SlowLogicBoy commented 5 years ago

For example in this video description there are quite a few links but they are cut off, I would like to somehow get those hyperlinks. Something like string RawDescription property? without that .TextEx() thingy? Raw Html is fine with me.

Tyrrrz commented 5 years ago

If I remember correctly, they are cut off by YouTube and the href is rewritten to go through YouTube's redirect.

SlowLogicBoy commented 5 years ago

I see, I will need to debug this to see if I could get out of that something, if not oh well.

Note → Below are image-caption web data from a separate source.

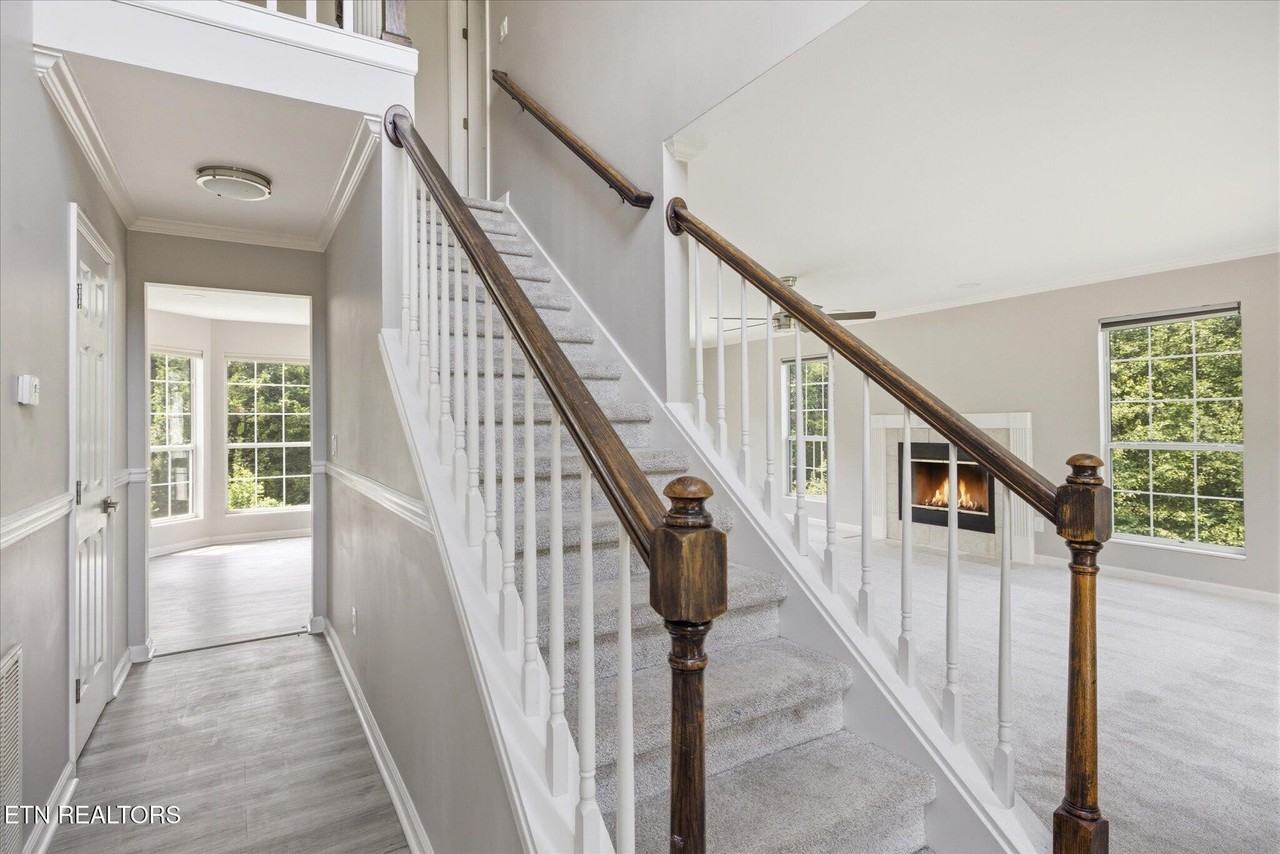 11469 Goldenview Ln - Photo 4 of 42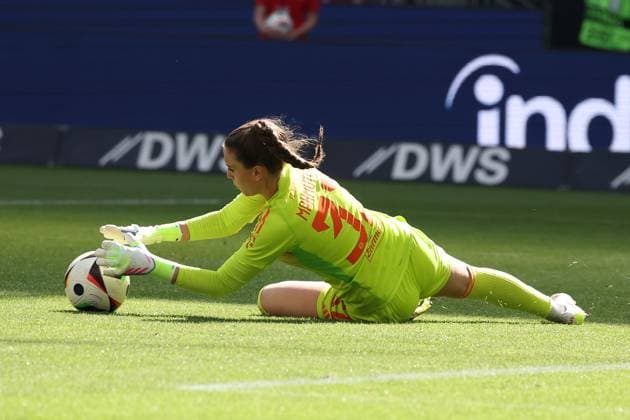 2025.04.12 xJAx Google Pixel Frauen Bundesliga Eintracht Frankfurt - FC Bayern MuÌˆnchen v.l., Torhüterin Ena Mahmutovic (FC Bayern München) in aktion, in action, (DFL DFB REGULATIONS PROHIBIT ANY USE OF PHOTOGRAPHS as IMAGE SEQUENCES and or QUASI-VIDEO) Copyright: JoaquimxFerreira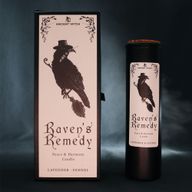Ритуальна свічка Raven's Remedy з ілюстрованою упаковкою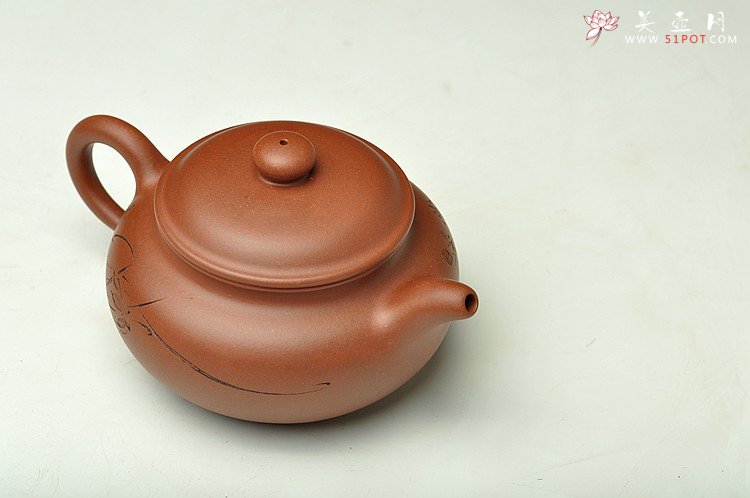 紫砂壶图片：婉约秀气 一捺底   仿古 座有兰言 - 美壶网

SlowLogicBoy commented 5 years ago
void EscapeYoutubeHyperlinks(IElement descriptionNode)
{
    var hyperLinks = descriptionNode.GetElementsByTagName("a");
    foreach (var hyperlink in hyperLinks.Cast<IHtmlAnchorElement>())
    {
        if (string.IsNullOrWhiteSpace(hyperlink.Search))
            continue;

        var queryParts = hyperlink.Search.Split('&', StringSplitOptions.RemoveEmptyEntries);
        var url = queryParts.SingleOrDefault(s => s.StartsWith("q="))?.Substring(2);

        if(string.IsNullOrWhiteSpace(url))
            url = queryParts.SingleOrDefault(s => s.StartsWith("?q="))?.Substring(3);

        if (string.IsNullOrWhiteSpace(url)) 
            continue;

        url = Uri.UnescapeDataString(url);
        hyperlink.Href = url;
        hyperlink.Dataset["url"] = url;
    }
}
//Usage:
var descriptionNode = watchPage.QuerySelector("p#eow-description");
EscapeYoutubeHyperlinks(descriptionNode);

this changes from:

<a href="/redirect?redir_token=y3v1wFxmzoIFfMuVsvc86NSD7UF8MTUzOTMzMDQ3M0AxNTM5MjQ0MDcz&amp;q=http%3A%2F%2Freol.jp&amp;event=video_description&amp;v=EFTV3IIjeNw" class="yt-uix-sessionlink  " data-target-new-window="True" data-sessionlink="itct=CDQQ6TgYACITCKXvvoHz_d0CFdOdwQodFM0L1Sj4HUjc8Y2RyLu1qhA" data-url="/redirect?redir_token=y3v1wFxmzoIFfMuVsvc86NSD7UF8MTUzOTMzMDQ3M0AxNTM5MjQ0MDcz&amp;q=http%3A%2F%2Freol.jp&amp;event=video_description&amp;v=EFTV3IIjeNw" target="_blank" rel="nofollow noopener">http://reol.jp</a>

Into:

<a href="http://reol.jp" class="yt-uix-sessionlink  " data-target-new-window="True" data-sessionlink="itct=CDQQ6TgYACITCKXvvoHz_d0CFdOdwQodFM0L1Sj4HUjc8Y2RyLu1qhA" data-url="http://reol.jp" target="_blank" rel="nofollow noopener">http://reol.jp</a>
Tyrrrz commented 5 years ago

How is this link rendered now, without the proposed solution?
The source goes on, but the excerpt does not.